Everything was done on a budget with loans from Cleveland County Council, UK Steel Enterprise and Nat West Bank. Hartlepool Borough Council even subsidized the mortgages of the three founders because they were paying themselves so little in the early days. Dane Mills says, "Looking back, I can't believe that we actually did what we did. I would not have the nerve to take such a huge gamble with my family's lives now."
The first few years were a struggle. Flex circuits were still in their infancy and much time was spent on "missionary work," convincing engineers to design flexible circuits into their products. However, this changed during the 1990s and the flexible circuit market grew rapidly. At that time there were relatively few manufacturers of flexible circuitry, so any company that was technically competent and reasonably well-managed was likely to prosper. Flex-Ability was just such a company. They grew steadily in terms of turnover, profit and staffing levels until 2001.
"We established ourselves as a medium-technology manufacturer," Mills says. "We were never sufficiently capitalized to purchase leading-edge technology, but were proficient in spotting where the market was going and following it. Within our capability window we were (and still are) willing to manufacture anything from one to one million circuits, and believe we were responsible for changing the market standard lead times with our fast-turn service." This is a service which we continue to be proud of.

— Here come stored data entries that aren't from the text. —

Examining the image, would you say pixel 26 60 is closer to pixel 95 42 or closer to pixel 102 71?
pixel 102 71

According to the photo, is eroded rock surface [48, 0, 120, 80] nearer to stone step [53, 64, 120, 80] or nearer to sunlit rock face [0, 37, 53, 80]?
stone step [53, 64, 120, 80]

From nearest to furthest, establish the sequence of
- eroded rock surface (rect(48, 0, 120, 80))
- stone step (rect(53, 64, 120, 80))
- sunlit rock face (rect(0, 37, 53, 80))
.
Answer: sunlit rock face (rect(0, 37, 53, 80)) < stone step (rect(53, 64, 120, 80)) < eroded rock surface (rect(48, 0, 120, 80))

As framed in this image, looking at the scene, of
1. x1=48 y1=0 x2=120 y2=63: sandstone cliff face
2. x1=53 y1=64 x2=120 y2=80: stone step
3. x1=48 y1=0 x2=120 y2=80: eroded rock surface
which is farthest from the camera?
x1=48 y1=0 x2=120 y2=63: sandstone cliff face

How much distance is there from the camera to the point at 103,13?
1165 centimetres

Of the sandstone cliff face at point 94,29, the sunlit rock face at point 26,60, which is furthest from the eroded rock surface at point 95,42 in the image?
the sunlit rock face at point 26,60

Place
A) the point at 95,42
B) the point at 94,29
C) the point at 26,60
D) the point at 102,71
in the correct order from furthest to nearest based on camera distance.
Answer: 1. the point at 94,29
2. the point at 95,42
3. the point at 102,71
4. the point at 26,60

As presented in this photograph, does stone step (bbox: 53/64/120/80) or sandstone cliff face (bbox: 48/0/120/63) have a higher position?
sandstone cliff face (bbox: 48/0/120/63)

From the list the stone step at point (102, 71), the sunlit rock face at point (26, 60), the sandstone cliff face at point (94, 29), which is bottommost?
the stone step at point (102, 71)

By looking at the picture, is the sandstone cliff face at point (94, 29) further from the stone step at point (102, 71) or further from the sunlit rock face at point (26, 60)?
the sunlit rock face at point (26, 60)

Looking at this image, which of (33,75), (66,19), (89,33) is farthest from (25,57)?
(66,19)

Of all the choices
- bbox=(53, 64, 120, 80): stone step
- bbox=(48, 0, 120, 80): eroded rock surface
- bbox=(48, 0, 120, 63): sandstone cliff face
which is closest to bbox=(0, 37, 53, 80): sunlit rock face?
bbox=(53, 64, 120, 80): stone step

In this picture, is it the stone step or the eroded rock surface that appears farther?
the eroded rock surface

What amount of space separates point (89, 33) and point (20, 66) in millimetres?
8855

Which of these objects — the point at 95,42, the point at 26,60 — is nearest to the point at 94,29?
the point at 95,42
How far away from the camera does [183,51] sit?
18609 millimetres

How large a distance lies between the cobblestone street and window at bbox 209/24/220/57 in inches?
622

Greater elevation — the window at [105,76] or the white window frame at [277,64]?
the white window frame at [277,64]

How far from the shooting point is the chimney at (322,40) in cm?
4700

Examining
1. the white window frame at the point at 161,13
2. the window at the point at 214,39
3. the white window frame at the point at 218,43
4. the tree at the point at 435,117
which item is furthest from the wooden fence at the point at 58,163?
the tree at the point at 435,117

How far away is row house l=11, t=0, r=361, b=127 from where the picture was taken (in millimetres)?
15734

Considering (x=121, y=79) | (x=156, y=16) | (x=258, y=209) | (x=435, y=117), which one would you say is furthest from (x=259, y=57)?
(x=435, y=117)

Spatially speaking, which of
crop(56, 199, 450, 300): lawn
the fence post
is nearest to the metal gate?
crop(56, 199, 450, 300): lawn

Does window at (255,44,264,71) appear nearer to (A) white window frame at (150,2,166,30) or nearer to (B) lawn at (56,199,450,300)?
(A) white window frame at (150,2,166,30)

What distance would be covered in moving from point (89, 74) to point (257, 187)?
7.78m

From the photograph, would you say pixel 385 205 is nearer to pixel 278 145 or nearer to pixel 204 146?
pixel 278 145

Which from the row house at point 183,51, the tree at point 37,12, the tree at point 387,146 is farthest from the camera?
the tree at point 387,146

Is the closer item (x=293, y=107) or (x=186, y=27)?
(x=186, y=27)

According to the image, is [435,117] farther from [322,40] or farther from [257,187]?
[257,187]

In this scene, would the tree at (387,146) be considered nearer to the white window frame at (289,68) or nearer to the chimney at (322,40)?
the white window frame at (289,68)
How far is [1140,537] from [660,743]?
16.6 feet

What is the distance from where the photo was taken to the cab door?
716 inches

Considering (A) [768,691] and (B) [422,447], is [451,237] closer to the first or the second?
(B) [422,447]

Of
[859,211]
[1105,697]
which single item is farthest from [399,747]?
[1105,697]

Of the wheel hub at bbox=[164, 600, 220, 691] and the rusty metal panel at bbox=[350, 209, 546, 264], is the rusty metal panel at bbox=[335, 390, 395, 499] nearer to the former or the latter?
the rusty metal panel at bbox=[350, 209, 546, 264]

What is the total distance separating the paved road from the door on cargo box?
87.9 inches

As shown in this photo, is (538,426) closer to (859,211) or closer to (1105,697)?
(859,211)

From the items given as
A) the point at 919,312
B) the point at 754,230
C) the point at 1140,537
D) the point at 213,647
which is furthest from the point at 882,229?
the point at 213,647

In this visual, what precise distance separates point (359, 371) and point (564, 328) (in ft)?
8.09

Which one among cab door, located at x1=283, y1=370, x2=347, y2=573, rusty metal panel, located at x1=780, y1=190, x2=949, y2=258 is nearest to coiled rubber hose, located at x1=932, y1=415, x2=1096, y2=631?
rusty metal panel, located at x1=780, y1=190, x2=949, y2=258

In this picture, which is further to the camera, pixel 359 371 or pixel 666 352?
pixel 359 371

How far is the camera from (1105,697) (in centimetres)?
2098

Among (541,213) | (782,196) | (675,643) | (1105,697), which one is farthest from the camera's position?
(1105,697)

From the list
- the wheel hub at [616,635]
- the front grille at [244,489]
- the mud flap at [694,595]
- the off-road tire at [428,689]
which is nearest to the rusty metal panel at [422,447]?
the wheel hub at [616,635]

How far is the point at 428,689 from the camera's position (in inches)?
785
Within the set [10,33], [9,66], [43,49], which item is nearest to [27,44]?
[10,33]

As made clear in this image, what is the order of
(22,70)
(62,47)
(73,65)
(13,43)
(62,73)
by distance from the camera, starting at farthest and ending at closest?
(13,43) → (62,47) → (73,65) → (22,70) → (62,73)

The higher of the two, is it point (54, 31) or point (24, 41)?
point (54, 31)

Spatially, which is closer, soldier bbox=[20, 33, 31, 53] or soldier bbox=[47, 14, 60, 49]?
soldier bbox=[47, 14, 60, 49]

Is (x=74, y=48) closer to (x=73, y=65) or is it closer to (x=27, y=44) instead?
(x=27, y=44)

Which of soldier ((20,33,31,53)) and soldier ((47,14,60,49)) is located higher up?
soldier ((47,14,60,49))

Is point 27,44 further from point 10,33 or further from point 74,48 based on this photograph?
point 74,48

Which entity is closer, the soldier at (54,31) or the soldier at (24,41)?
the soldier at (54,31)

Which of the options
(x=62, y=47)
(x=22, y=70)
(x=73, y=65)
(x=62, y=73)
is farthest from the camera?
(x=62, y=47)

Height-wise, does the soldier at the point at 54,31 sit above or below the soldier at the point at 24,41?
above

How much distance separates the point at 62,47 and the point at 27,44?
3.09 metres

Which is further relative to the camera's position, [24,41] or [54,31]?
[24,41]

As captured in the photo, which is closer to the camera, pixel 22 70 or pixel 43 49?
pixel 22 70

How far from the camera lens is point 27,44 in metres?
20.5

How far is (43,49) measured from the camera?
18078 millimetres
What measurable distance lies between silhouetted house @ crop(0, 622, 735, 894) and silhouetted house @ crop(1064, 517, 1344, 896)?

However, there were clouds on the horizon and perversely it was the very success of flexible circuitry that caused it. By the turn of the century practically everything electronic contained a flex circuit. Volumes for mobile phones, PCs, etc., were going through the roof. In order to meet these increasing demands, and with the drive to reduce costs, buyers of flex and rigid-flex were turning to Asia for their circuits, especially high-volume, lower-technology product. In addition the OEMs, our traditional customers, were also departing to Asia in ever-increasing numbers.
Flex-Ability have always had a reasonable proportion of high-volume jobs, primarily in IT and telecom. But these markets started to disappear, and Flex-Ability was slow to react. There was still plenty of available work, but in much lower volumes; this led to a bigger variety of jobs being processed through the plant at one time. This, in turn, highlighted skill shortages on the shop floor; the company was just not adept at dealing with a wide variety of product on a daily basis.
The volume of new product introduction caused bottlenecks in the engineering department, and our system was not robust enough to handle the logistics of dealing with the number of different jobs, processes, materials, etc., that were now demanded of us. These shortcomings led to quality issues and delivery problems. As customers became increasingly unhappy, production schedules were being constantly changed to satisfy those who shouted the loudest. This severely disrupted the workflow and led to more quality and delivery issues and a vicious circle was established
These problems were compounded by the fact that the directors had stepped back from the day-to-day running of the business, leaving it to the management team below them. However, this was done with insufficient measurement and accountability, so that the directors did not recognize early enough the level of problems within the business.
"Perhaps there was also an element of hiding our heads in the sand," explains Mills. "We had been very successful for a number of years and were comfortable with that. We hoped that the problems would go away, and probably were not relishing the effort and sacrifice that was needed to change things."
Also, the three founders/shareholder/directors had never been able to agree about which one of them should be managing director, so all three directors were equal. And the three had quite different ideas about how the business should be run. This led to confused messages being passed to the management team. This did not seem important when the company was successful, but as problems multiplied the lack of a single, clear strategy became critical.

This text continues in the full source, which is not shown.